ベネズエラに負けたこと自体は想定の範囲内だが、分析、準備、采配について、森保ジャパンには大きな不安がある。写真:金子拓弥(THE DIGEST写真部)

 国際親善試合のベネズエラ戦、日本代表は1-4で大敗し、大きなブーイングを浴びた。

 試合の前から嫌な予感はあった。来年3月からカタール・ワールドカップ南米予選が始まるベネズエラにとって、日本戦はチーム作りの総仕上げにあたる。6月のコパ・アメリカ以降、ベネズエラは新戦力の組み入れを順調に進めており、直近の試合ではコロンビアに0-0で引き分け、ボリビアに4-1で勝利、トリニダード・トバゴに2-0で勝利など、結果、内容共に充実していた。
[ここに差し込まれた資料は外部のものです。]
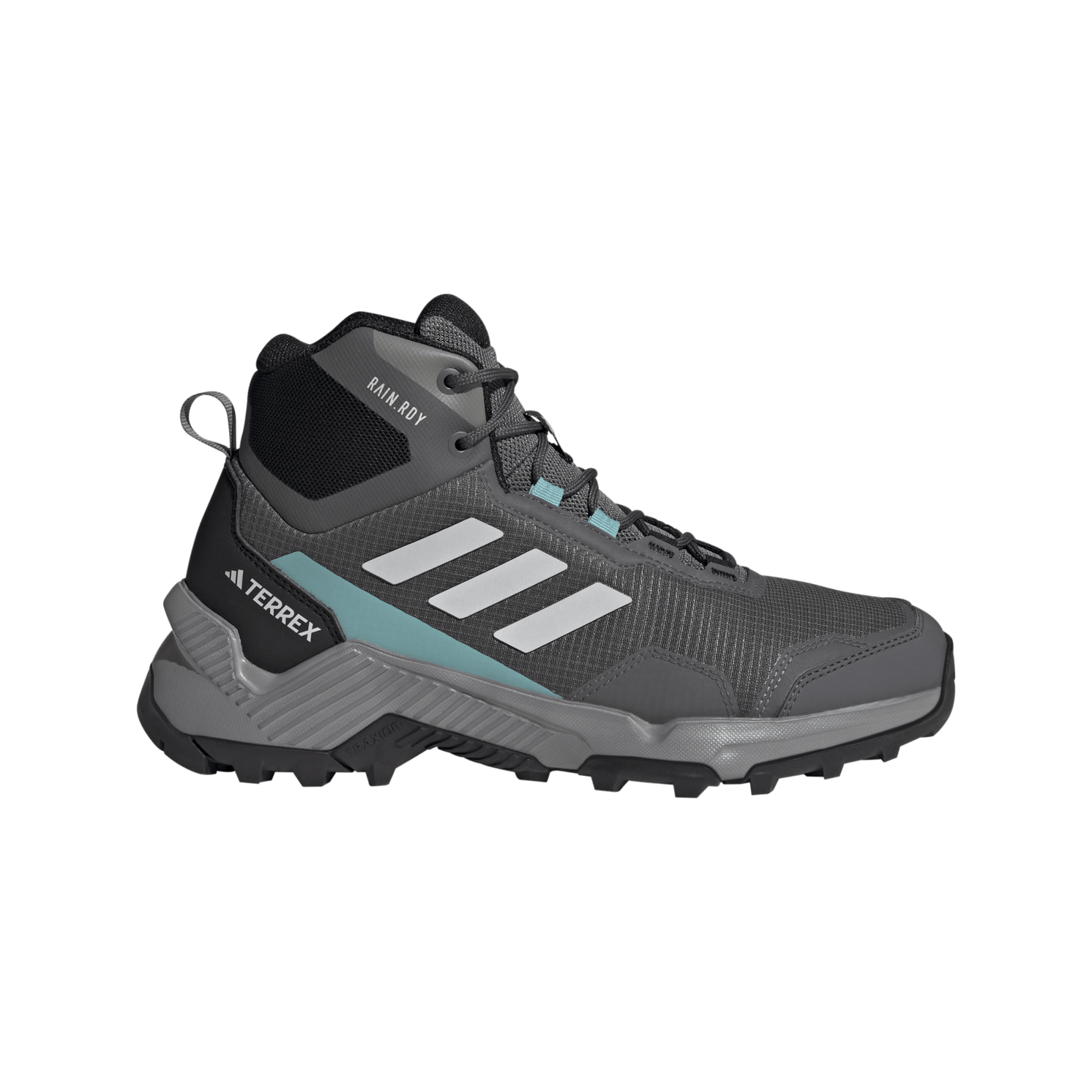 adidas Terrex Eastrail 2 Rain MID, vanntett lav tursko, dame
普通に強い相手だ。

 一方、今回の森保ジャパンは、ベストメンバーではなく、テストメンバーだった。キルギス戦後に南野拓実や吉田麻也ら欧州組の主力をクラブへ返し、初招集4人を含む国内組のJリーガーを招集している。元々ベネズエラは、昨年に日本で対戦したとき、森保ジャパンがフルメンバーで戦ってようやく1-1で引き分けた相手だ。テストメンバーでは分が悪い。
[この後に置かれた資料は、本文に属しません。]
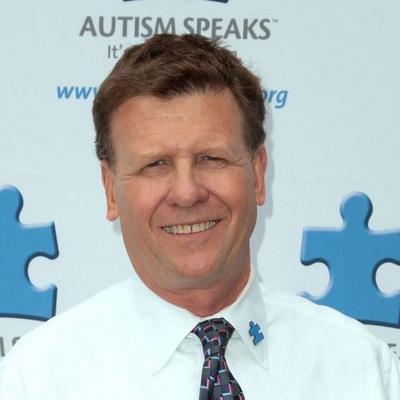 Joe Kernen Net Worth's picture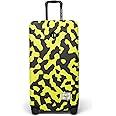 Herschel Supply Co. Heritage Hardshell Luggage, Shadow Pixel Lime Punch, Large-32 Inch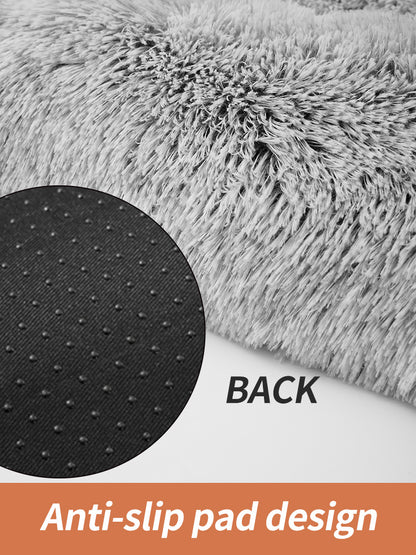 Large Soft Dog Bed Kennel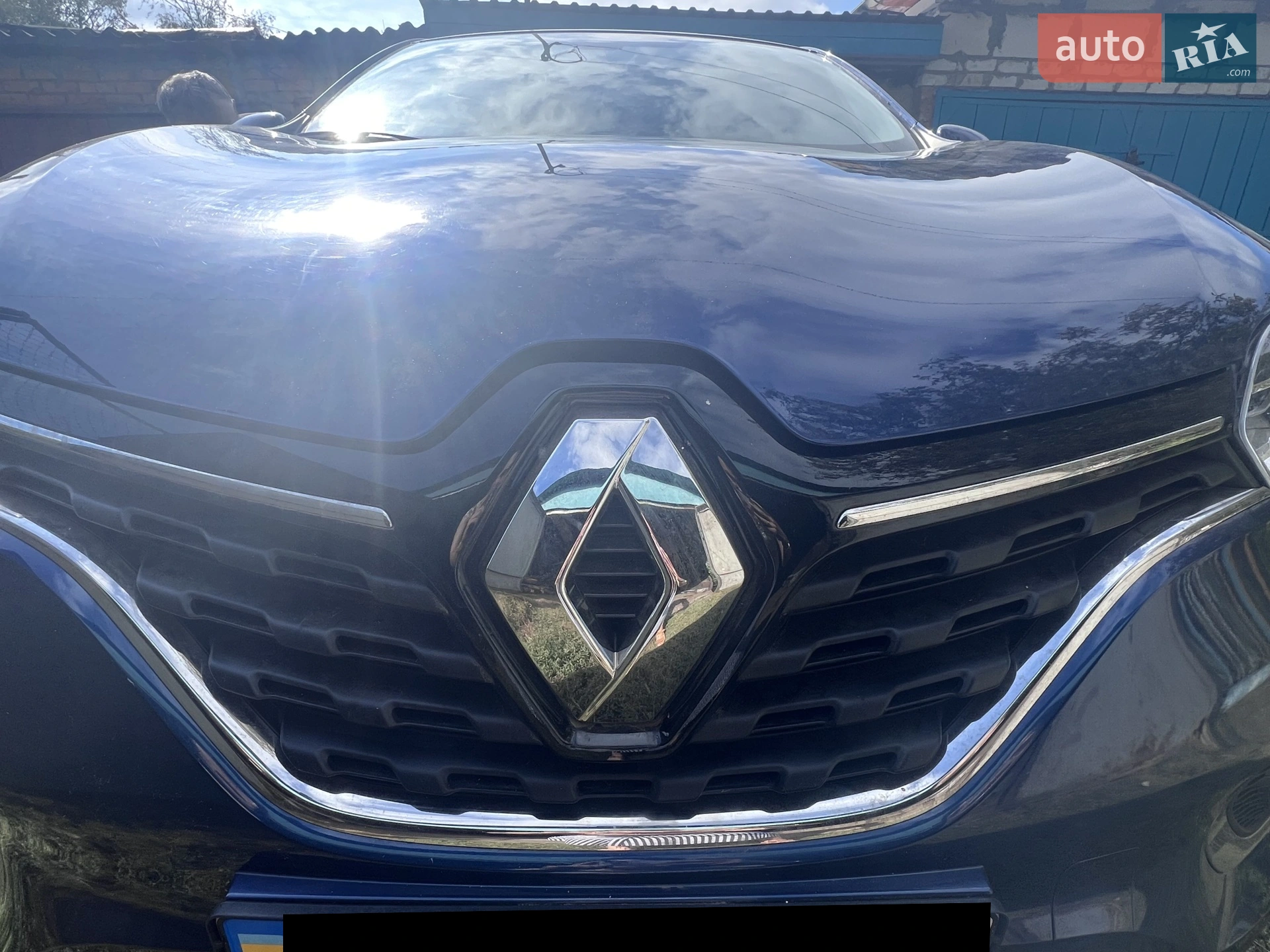 2020 Renault Kadjar - мініатюра 9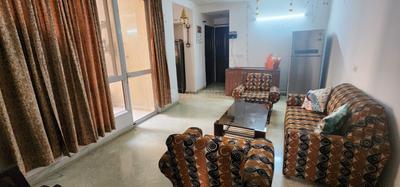 Hall Image of 1564 Sq.ft 3 BHK Apartment / Flat for sale in Golfgreen Elite Homz, Sector 77 Noida for Rs. 23000000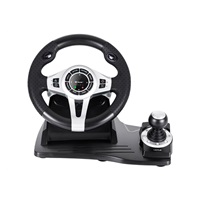 TRACER volant Roadster 4in1 pro PS3 / PS4 / XBOX One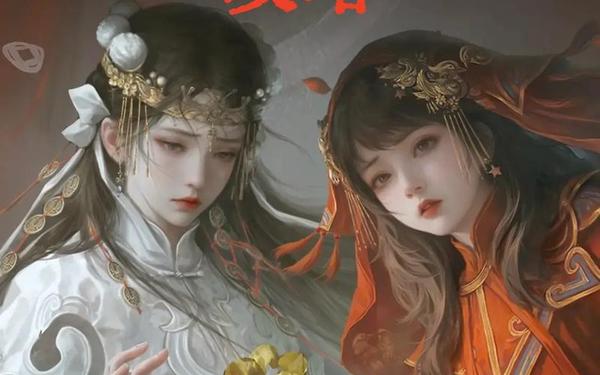 纸嫁衣7卿不负,纸嫁衣9叫什么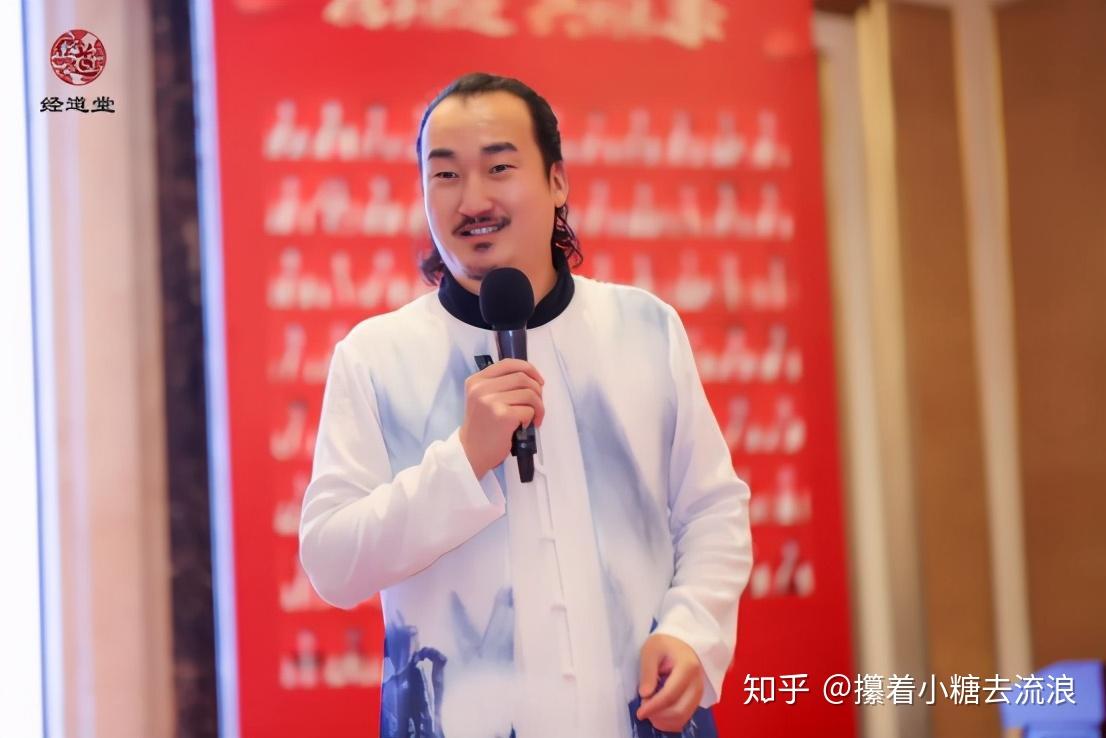 古法经络王洪刚老师弘扬中医药文化一直在路上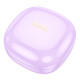 Навушники бездротові HOCO EQ13 Fun true wireless BT5.3/7hours Purple mag-6942007618809137327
 2次予選を順調に進めたA代表にとって、これから最終予選までの1年弱は、新戦力を積み上げる時期になる。アジアカップ後も、鎌田大地や橋本拳人、永井謙佑など一部の選手は起用されたが、今後はE-1選手権、あるいは東京五輪を経て、選手がより広く発掘されることになる。ベネズエラ戦はその本格的なスタートであり、あまり結果にヒステリックになる必要はない。
 
 とはいえ。とはいえ、だ。

 もう少しベネズエラに対し、準備を出来なかったものか。彼らは空中戦に強いチームであり、過去の試合を見ても、サイドからのクロスで多くの得点を生み出していることは明らかだ。それに対する備えは充分だったのか。

 たとえば8分に先制を許した場面、ジェフェルソン・ソテルドがボールを持ったとき、室屋成は横向きになり、極端なワンサイドカットで縦に誘う1対1の体勢だった。加えて、中のドリブルコースには橋本が立っているので、ソテルドは縦しか進む方向がない。

 ところが、その誘っているはずの縦に仕掛けられると、室屋は一歩遅れた。切り返しからクロスを上げられ、佐々木翔に競り勝ったサロモン・ロンドンにあっさりとヘディングシュートを決められてしまう。